*ACTIVITY:* Only one stretch of the data below is needed. Output the lines from the one with "Socket | wire-board" up to and including the one with "Nem vỏ bưởi Tây Ninh", exactly as they stand.

• • • • • • •

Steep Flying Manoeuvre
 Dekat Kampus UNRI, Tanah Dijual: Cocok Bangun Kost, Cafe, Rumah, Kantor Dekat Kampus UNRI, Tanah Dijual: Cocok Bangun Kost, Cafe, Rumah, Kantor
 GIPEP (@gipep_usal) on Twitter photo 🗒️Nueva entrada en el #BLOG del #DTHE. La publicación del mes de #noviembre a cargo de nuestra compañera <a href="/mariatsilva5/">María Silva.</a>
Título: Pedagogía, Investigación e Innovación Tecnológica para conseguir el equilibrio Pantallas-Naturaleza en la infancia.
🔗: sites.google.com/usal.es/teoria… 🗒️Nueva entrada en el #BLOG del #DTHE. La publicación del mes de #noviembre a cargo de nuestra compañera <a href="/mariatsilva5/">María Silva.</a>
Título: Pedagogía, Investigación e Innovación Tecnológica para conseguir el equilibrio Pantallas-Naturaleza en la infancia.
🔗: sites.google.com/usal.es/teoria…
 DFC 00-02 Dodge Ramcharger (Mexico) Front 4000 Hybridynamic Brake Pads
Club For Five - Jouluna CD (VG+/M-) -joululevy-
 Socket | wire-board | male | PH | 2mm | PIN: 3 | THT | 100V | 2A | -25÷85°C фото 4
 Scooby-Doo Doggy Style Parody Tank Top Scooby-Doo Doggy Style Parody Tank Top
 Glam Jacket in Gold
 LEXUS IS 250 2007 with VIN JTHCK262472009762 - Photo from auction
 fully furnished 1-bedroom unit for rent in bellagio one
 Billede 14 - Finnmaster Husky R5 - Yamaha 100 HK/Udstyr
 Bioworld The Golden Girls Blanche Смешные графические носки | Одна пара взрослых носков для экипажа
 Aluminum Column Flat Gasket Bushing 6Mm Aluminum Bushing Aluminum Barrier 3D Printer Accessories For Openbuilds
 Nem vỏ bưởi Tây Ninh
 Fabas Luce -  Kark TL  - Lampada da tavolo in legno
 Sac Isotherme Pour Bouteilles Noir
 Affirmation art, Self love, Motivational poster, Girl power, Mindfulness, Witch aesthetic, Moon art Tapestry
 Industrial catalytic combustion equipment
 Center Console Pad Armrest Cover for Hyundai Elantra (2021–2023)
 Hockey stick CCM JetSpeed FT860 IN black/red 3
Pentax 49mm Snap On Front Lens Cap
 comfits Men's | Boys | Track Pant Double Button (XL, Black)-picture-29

• • • • • • •

*ANSWER SPACE:*
 Socket | wire-board | male | PH | 2mm | PIN: 3 | THT | 100V | 2A | -25÷85°C фото 4
 Scooby-Doo Doggy Style Parody Tank Top Scooby-Doo Doggy Style Parody Tank Top
 Glam Jacket in Gold
 LEXUS IS 250 2007 with VIN JTHCK262472009762 - Photo from auction
 fully furnished 1-bedroom unit for rent in bellagio one
 Billede 14 - Finnmaster Husky R5 - Yamaha 100 HK/Udstyr
 Bioworld The Golden Girls Blanche Смешные графические носки | Одна пара взрослых носков для экипажа
 Aluminum Column Flat Gasket Bushing 6Mm Aluminum Bushing Aluminum Barrier 3D Printer Accessories For Openbuilds
 Nem vỏ bưởi Tây Ninh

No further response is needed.